Increased productivity

Research has found that when organizations focus as much on well-being as they do on productivity, it resulted in a simultaneous boost in both the output and health levels of workers.

It should come as no surprise that healthier and happier employees are more productive. When we eat better and exercise more we are usually less tired and find it much easier to focus better and for longer. In fact, unhealthy lifestyles are correlated to unproductive workplace habits.

Although physical wellness is important, it is only one of the wellness dimensions that should to be considered when addressing wellbeing. In fact, there are three wellness dimensions: physical wellness, emotional wellness and social wellness. Each dimension plays an important role in improving employee wellbeing, and it is essential for the business managers looking to improve employee wellbeing to consider each dimension. 

10 ways to Improve Wellbeing In The Workplace

1. Know your vision and values - engage with employees before deciding on any changes – to get an insight into current wellbeing levels and feedback on how to boost this. Creating a collaborative culture, with philanthropy at its core, is likely to be well received by staff.

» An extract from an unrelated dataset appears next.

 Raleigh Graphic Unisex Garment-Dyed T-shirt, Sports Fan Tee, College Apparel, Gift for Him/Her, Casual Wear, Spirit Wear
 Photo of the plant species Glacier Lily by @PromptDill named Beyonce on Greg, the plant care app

2. Work smarter - look at workflows and patterns, sizes and locations of teams, desk ratios, use of technology and meeting rooms, facilities for mobile workers and provision of support/recreational spaces. A workspace that sounds, looks, feels and smells great, and reflects the individuality of the people in it, while meeting business needs, will be more efficient and morale-boosting.

3. See the light - Bring the great outdoors inside. Workers who have outside views are likely to be up to 25% more productive and process calls 12% faster, according to World Green Building Council research. Exposure to natural light increases productivity by 18% and better lighting in general pushes up work rates by 23%.

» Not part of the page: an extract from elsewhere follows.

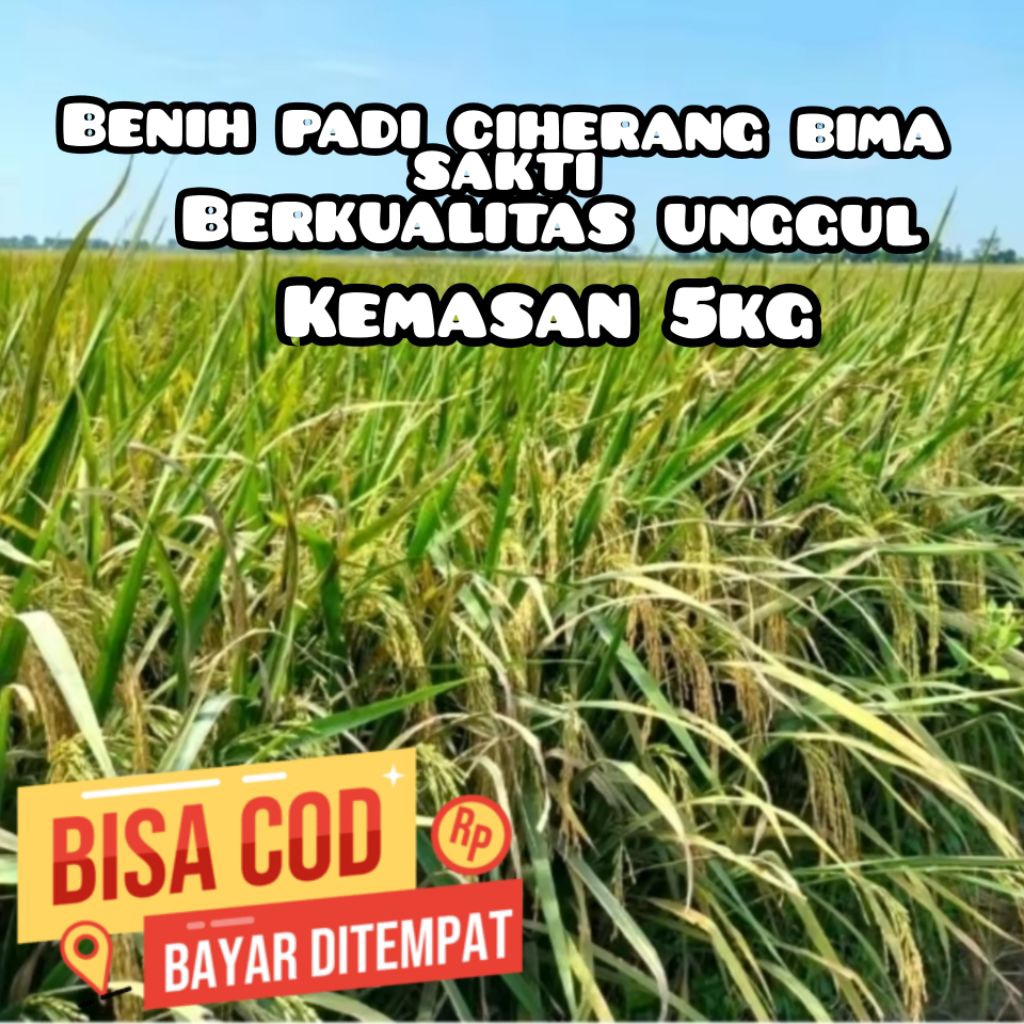 Benih padi ciherang BIMA SAKTI unggul kemasan 5kg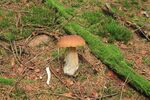 青苔图片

4. Breathe easy - Research suggests that improved air quality and ventilation increase productivity by up to 11% and thermal comfort by 3% - which doesn’t necessarily require fancy ventilation, air conditioning and heating systems, although these will help too. Humble indoor plants don’t just look nice; they also work quietly behind the scenes to absorb carbon dioxide and release oxygen.

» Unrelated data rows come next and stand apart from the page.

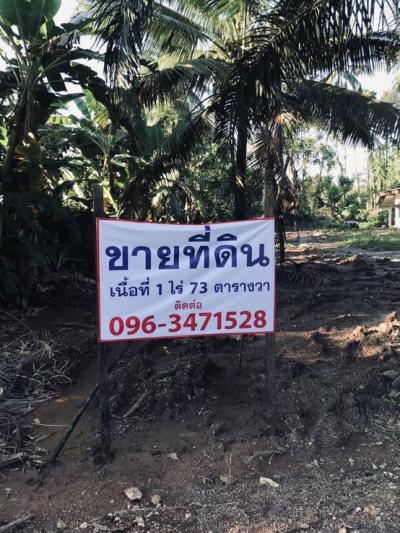 ที่ดิน 800000 พัทลุง เมืองพัทลุง นาโหนด
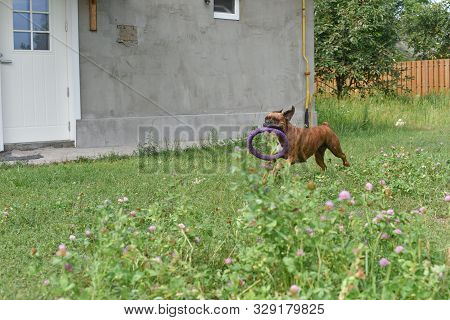 Summer Outdoors Portrait Of Geman Boxer Dog On Hot Sunny Day. Brown Tiger With Brindle Colored Boxer
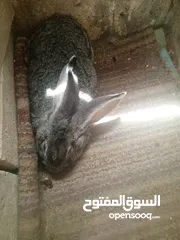  3 جوز ارانب الماني للبيع بسعر مغري جدا
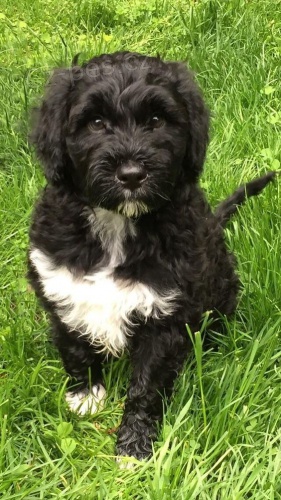 O�kovan� a od�erven� mini �t��ata portugalsk�ho vodn�ho psa k adopci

5. Turn down the volume - Phones ringing, conversations and a general background hum can make it hard, if not impossible, for people to concentrate. By looking into providing quiet spaces for colleagues to work can decrease employee dissatisfaction.




6. Add a splash of colour - Yellow gets the creative juices flowing, green reduces stress and promotes calmness and blue promotes focus. Introducing splashes of colour, art, greenery and bringing the outdoors indoors can all contribute to wellbeing. 

7. Get fit for work - Some 45% of workers complain that they have a stressful journey to the office, according to the British Council for Offices. So why not encourage employees to get on their bike or walk to work. Not only will they avoid being stuck in rush-hour traffic, but they will also get a boost of exercise-induced happy hormones before the working day even begins. Install cycle racks, a shower, changing room and lockers, which will also help you to increase your environmental rating. Or consider having a gym on-site or offering staff a discounted membership to a nearby gym.

8. Get your five-a-day - By providing healthy meal options, a juice bar, free fruit or even just somewhere for people to prepare good food, you’ll be helping them to eat well and keep their brains and bodies awake and alert. Also consider introducing break-out or relaxation areas where people can go to get away from their desks, get a change of scene, unwind or think creatively.

9. Get moving -

Workers sit for an average of 8.9 hours a day, according to the Get Britain Standing campaign – for many, that’s longer than they sleep. Sitting at a desk for longer than four hours a day causes stiffness, back pain and muscular problems, and it can disrupt blood sugar levels. Consider buying furniture to encourage people to get moving and be less sedentary. Staff who use standing or adjustable desks, sit-stand stools or chairs, and balance boards report less muscular pain, more energy and a greater focus. Also encourage regular breaks away from their desks.

10. Work on the move - Working nine to five, and only ever in the office, is a thing of the past for many people. Thanks to technology, people are increasingly getting their work done away from the office and at all times of the day and night. Consider offering flexible working hours and the ability to work from home, and on the move, in a bid to increase productivity.